Configuration, Creating and Deploying an Index

Using Vertex AI Matching Engine requires several steps before matching:

  1. Network Configuration (one time)

  2. Create Endpoint (one time)

  3. Create Index

  4. Deploy Index

Constants

# Google project, project number and region to host Vertex AI
export PROJECT_ID="dsp-cell-annotation-service"
export PROJECT_NUMBER=`gcloud projects describe $PROJECT_ID | grep projectNumber | cut -d"'" -f2`
export REGION="us-central1"

# Bucket containing CSV/AVRO of vectors to be searched
export BUCKET_URI="gs://dsp-cell-annotation-service/demo_4m_v2/new_embeddings_for_loading/"
export DIMENSIONS=512
export APPROX_NEIGHBORS_COUNT=100

# Constants, not necessary to change
export VPC_NETWORK="ai-matching"
export PEERING_RANGE_NAME="ann-haystack-range"
export INDEX_ENDPOINT_NAME="casp_index_endpoint"
export INDEX_NAME="casp_index_v1"

Network Configuration

Note

You can skip this if network configuration has already been done. It should be done once per project.

Create the VPC Network

gcloud compute networks create ${VPC_NETWORK} --bgp-routing-mode=regional --subnet-mode=auto --project=${PROJECT_ID}

Add necessary firewall rules

gcloud compute firewall-rules create ${VPC_NETWORK}-allow-icmp --network ${VPC_NETWORK} --priority 65534 --project ${PROJECT_ID} --allow icmp

gcloud compute firewall-rules create ${VPC_NETWORK}-allow-internal --network ${VPC_NETWORK} --priority 65534 --project ${PROJECT_ID} --allow all --source-ranges 10.128.0.0/9

gcloud compute firewall-rules create ${VPC_NETWORK}-allow-rdp --network ${VPC_NETWORK} --priority 65534 --project ${PROJECT_ID} --allow tcp:3389

gcloud compute firewall-rules create ${VPC_NETWORK}-allow-ssh --network ${VPC_NETWORK} --priority 65534 --project ${PROJECT_ID} --allow tcp:22

Reserve IP range

gcloud compute addresses create ${PEERING_RANGE_NAME} --global --prefix-length=16 --network=${VPC_NETWORK} --purpose=VPC_PEERING --project=${PROJECT_ID}

Set up peering with service networking

Note

Your account must have the “Compute Network Admin” role to run the following.

gcloud services vpc-peerings connect --service=servicenetworking.googleapis.com --network=${VPC_NETWORK} --ranges=${PEERING_RANGE_NAME} --project=${PROJECT_ID}

Managing Indexes

Create Index Endpoint (to serve the index)

This step takes several minutes to complete.

Note

You can skip this if the endpoint has already been created. New indexes can be deployed to existing endpoints.

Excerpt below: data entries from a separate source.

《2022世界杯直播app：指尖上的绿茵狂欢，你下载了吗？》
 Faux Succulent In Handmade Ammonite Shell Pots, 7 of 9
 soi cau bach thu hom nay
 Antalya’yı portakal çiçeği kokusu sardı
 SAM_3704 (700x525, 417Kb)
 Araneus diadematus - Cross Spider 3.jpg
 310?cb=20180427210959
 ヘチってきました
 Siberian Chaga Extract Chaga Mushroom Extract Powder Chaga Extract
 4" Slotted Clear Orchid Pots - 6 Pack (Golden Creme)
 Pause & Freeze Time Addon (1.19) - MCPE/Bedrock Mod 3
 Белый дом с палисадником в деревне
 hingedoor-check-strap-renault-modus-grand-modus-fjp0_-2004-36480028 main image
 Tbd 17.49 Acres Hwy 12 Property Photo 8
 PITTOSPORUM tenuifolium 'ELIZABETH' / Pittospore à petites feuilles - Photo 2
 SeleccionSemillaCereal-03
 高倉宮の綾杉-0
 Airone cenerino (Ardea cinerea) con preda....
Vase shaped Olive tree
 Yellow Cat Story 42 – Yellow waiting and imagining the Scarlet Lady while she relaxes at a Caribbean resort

gcloud ai index-endpoints create --display-name ${INDEX_ENDPOINT_NAME} --network projects/${PROJECT_NUMBER}/global/networks/${VPC_NETWORK} --region ${REGION} --project $PROJECT_ID

Create Index

Creating the actual index takes a long time! (~30 minutes even for a small dataset).

# save configuration to a local file
export LOCAL_PATH_TO_METADATA_FILE=/tmp/metadata.json
cat << EOF > ${LOCAL_PATH_TO_METADATA_FILE}
{
  "contentsDeltaUri": "${BUCKET_URI}",
  "config": {
    "dimensions": ${DIMENSIONS},
    "approximateNeighborsCount": ${APPROX_NEIGHBORS_COUNT},
    "distanceMeasureType": "DOT_PRODUCT_DISTANCE",
    "algorithm_config": {
      "treeAhConfig": {
      }
    }
  }
}
EOF

gcloud ai indexes create \
  --metadata-file=${LOCAL_PATH_TO_METADATA_FILE} \
  --display-name=${INDEX_NAME} \
  --project=${PROJECT_ID} \
  --region=${REGION}

This is an async operation; you will have to poll for success (the command is given by the create command above).

For example:

gcloud ai operations describe 2843220864793575424 --index=7139735929568100352 --region us-central1 --project=dsp-cell-annotation-service

Deploy Index

Deploy the index to the endpoint so it can be searched. Several non-intuitive IDs are required to run this step.

# This is an identifier and a display name YOU give for this deployed index (can be the same)
export DEPLOYED_INDEX_ID="deployed_4m_${INDEX_NAME}"
export DISPLAY_NAME=$DEPLOYED_INDEX_ID

# Then we need the endpoint id with a little JQ magic
export ENDPOINT_ID=$(gcloud ai index-endpoints list --region $REGION --project $PROJECT_ID --format json | jq -r ".[] | select (.displayName == \"$INDEX_ENDPOINT_NAME\") | .name ")

# and the id of the index to be deployed
export INDEX_ID=$(gcloud ai indexes list --region $REGION --project $PROJECT_ID --format json | jq -r ".[] | select (.displayName == \"$INDEX_NAME\") | .name ")

gcloud ai index-endpoints deploy-index $ENDPOINT_ID \
  --deployed-index-id=$DEPLOYED_INDEX_ID \
  --display-name=$DISPLAY_NAME \
  --index=$INDEX_ID \
  --min-replica-count 2 \
  --max-replica-count 2

This is an async operation; you will have to poll for success (the command is given by the create command above).

For example:

gcloud ai operations describe 1574402038526115840 --index-endpoint=82032363525111808 --project $PROJECT_ID --region $REGION

Evaluating Performance

Aspects to consider:

  1. Throughput (overall matches per second)

  2. Latency (response time per request)

  3. Scalability (with respect to index size)

  4. Accuracy

  5. Cost

TBD

Cleaning Up (excluding the network setup)

If you want to remove everything, just go in the opposite order from the above.

# Undeploy Index from Endpoint
gcloud ai index-endpoints undeploy-index ${ENDPOINT_ID} --project ${PROJECT_ID} --region ${REGION} --deployed-index-id=${DEPLOYED_INDEX_ID}

# Delete Endpoint
gcloud ai index-endpoints delete ${ENDPOINT_ID} --project ${PROJECT_ID} --region ${REGION}

# Delete Index
gcloud ai indexes delete ${INDEX_ID} --project ${PROJECT_ID} --region ${REGION}